Data excerpts
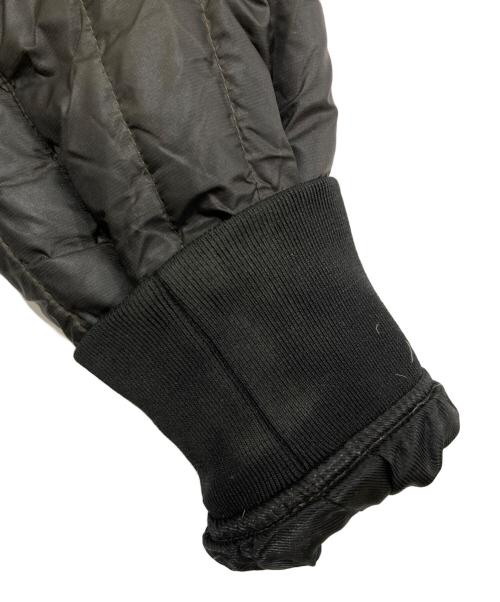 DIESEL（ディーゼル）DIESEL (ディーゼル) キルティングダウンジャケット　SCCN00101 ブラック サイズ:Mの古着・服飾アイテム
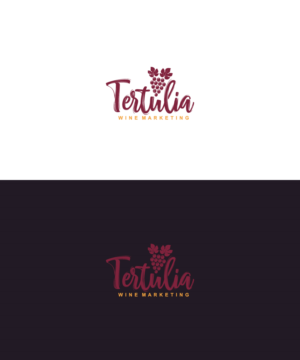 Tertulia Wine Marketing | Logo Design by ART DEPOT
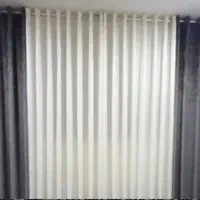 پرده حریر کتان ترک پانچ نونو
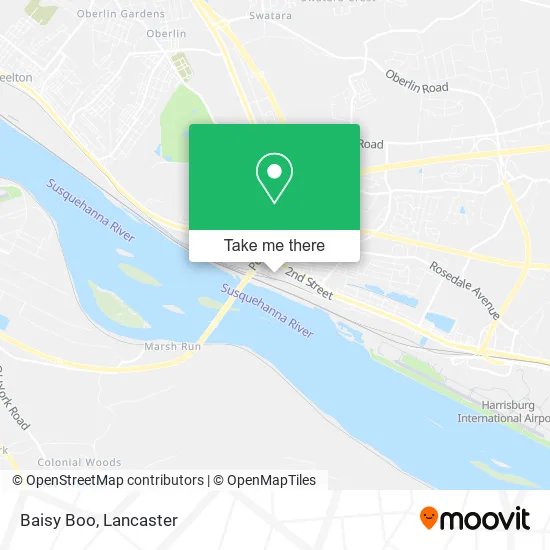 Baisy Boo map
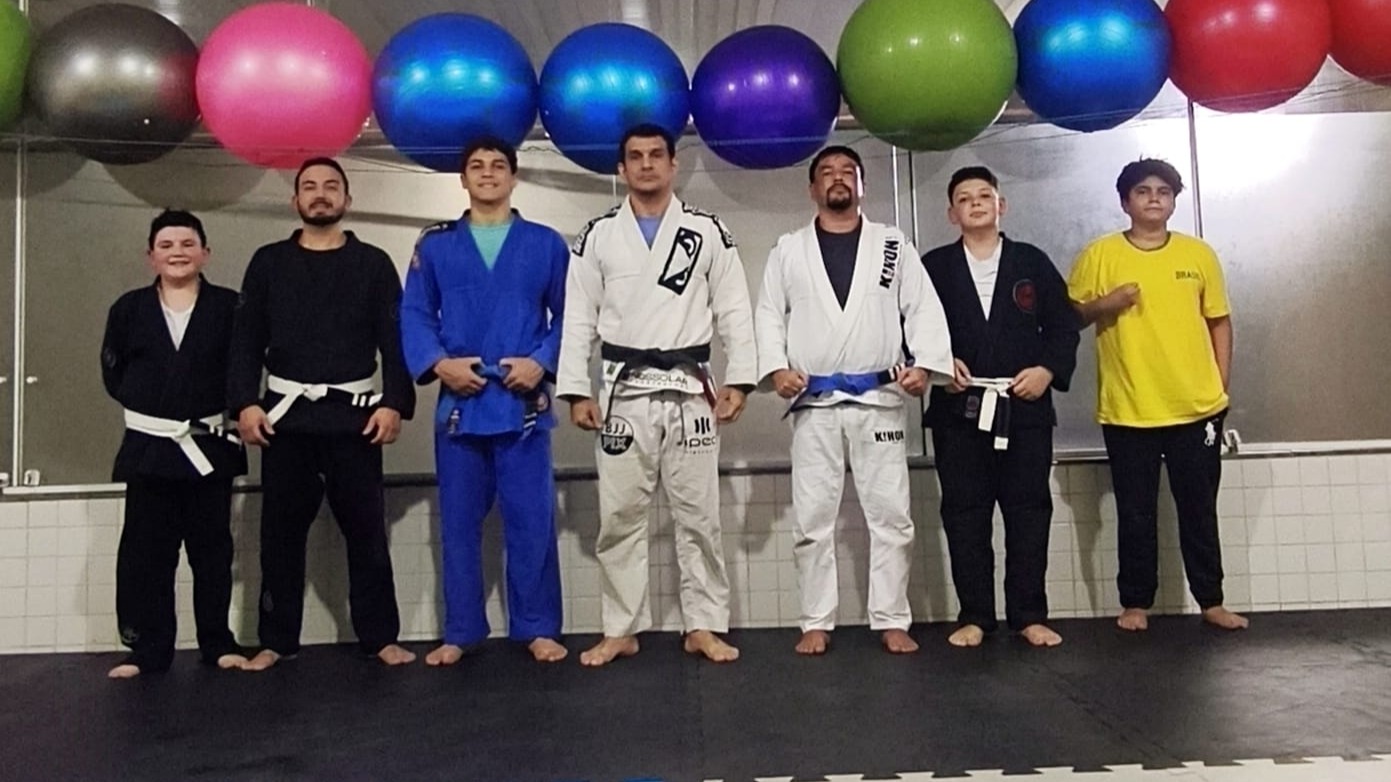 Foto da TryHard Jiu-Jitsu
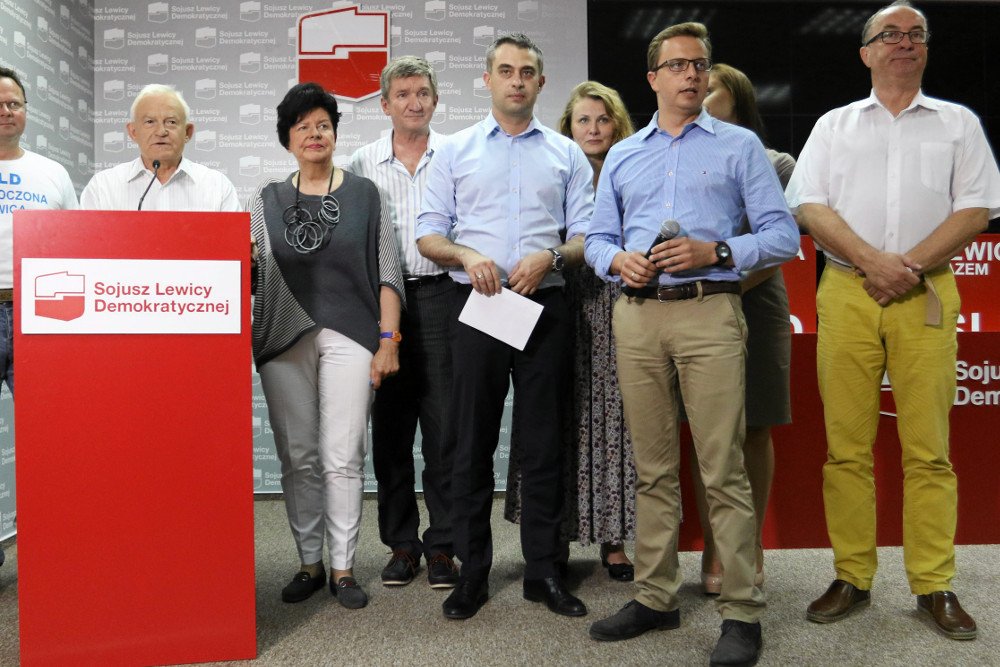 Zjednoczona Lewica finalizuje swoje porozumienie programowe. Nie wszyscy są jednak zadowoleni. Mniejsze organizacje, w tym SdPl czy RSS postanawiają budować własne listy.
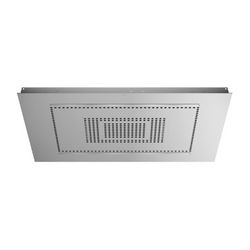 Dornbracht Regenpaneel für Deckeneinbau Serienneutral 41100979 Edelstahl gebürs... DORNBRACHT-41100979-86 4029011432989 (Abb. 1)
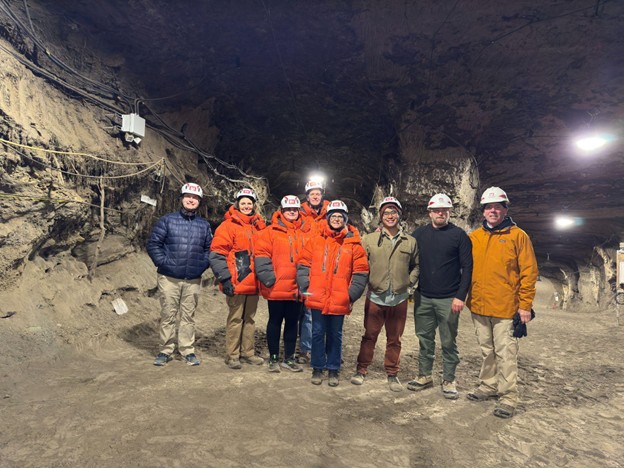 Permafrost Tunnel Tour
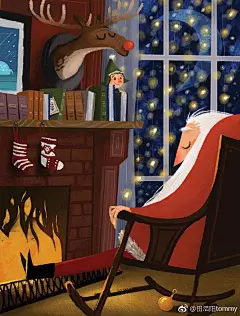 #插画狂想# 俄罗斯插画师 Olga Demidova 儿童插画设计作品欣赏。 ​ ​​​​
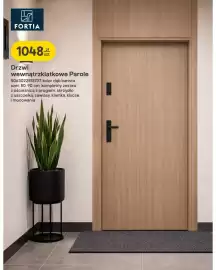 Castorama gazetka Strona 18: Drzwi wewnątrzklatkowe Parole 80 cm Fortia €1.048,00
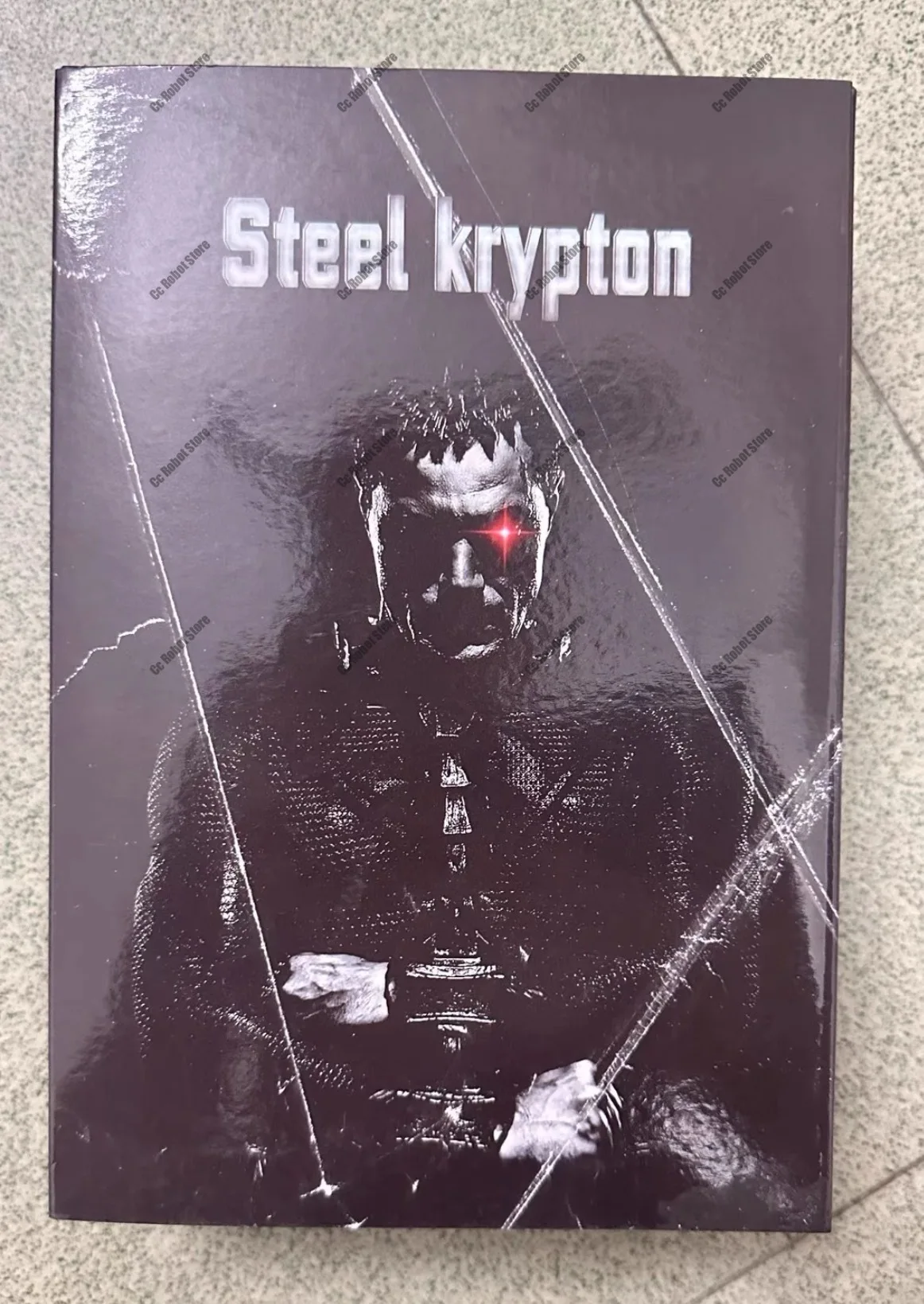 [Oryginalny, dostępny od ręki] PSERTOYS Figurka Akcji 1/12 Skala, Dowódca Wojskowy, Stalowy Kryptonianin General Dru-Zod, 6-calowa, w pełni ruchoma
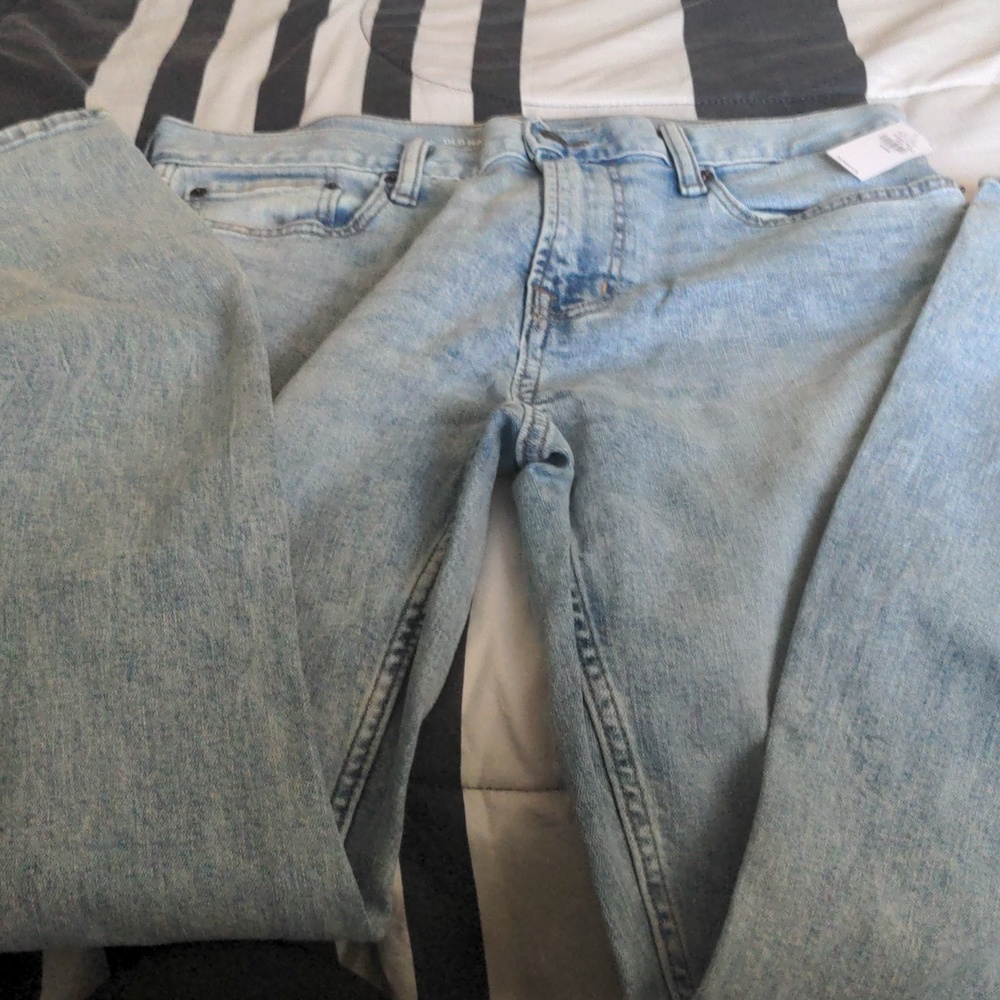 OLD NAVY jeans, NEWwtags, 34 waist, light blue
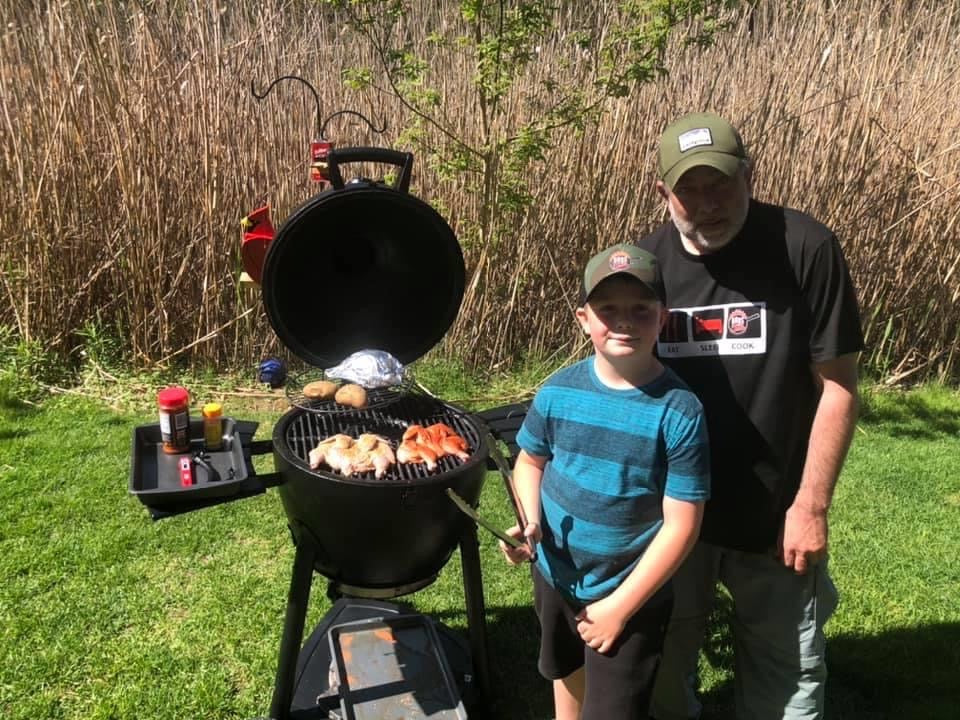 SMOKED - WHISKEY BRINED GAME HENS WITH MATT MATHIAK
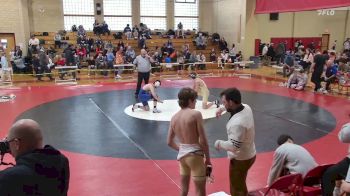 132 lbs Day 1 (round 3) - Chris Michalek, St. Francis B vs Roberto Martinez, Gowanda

_Activity_. Excluding all pictures, reproduce the records exactly as they appear above.

_Expected output_.
 DIESEL（ディーゼル）DIESEL (ディーゼル) キルティングダウンジャケット　SCCN00101 ブラック サイズ:Mの古着・服飾アイテム
 Tertulia Wine Marketing | Logo Design by ART DEPOT
 پرده حریر کتان ترک پانچ نونو
 Baisy Boo map
 Foto da TryHard Jiu-Jitsu
 Zjednoczona Lewica finalizuje swoje porozumienie programowe. Nie wszyscy są jednak zadowoleni. Mniejsze organizacje, w tym SdPl czy RSS postanawiają budować własne listy.
 Dornbracht Regenpaneel für Deckeneinbau Serienneutral 41100979 Edelstahl gebürs... DORNBRACHT-41100979-86 4029011432989 (Abb. 1)
 Permafrost Tunnel Tour
 #插画狂想# 俄罗斯插画师 Olga Demidova 儿童插画设计作品欣赏。 ​ ​​​​
 Castorama gazetka Strona 18: Drzwi wewnątrzklatkowe Parole 80 cm Fortia €1.048,00
 [Oryginalny, dostępny od ręki] PSERTOYS Figurka Akcji 1/12 Skala, Dowódca Wojskowy, Stalowy Kryptonianin General Dru-Zod, 6-calowa, w pełni ruchoma
 OLD NAVY jeans, NEWwtags, 34 waist, light blue
 SMOKED - WHISKEY BRINED GAME HENS WITH MATT MATHIAK
 132 lbs Day 1 (round 3) - Chris Michalek, St. Francis B vs Roberto Martinez, Gowanda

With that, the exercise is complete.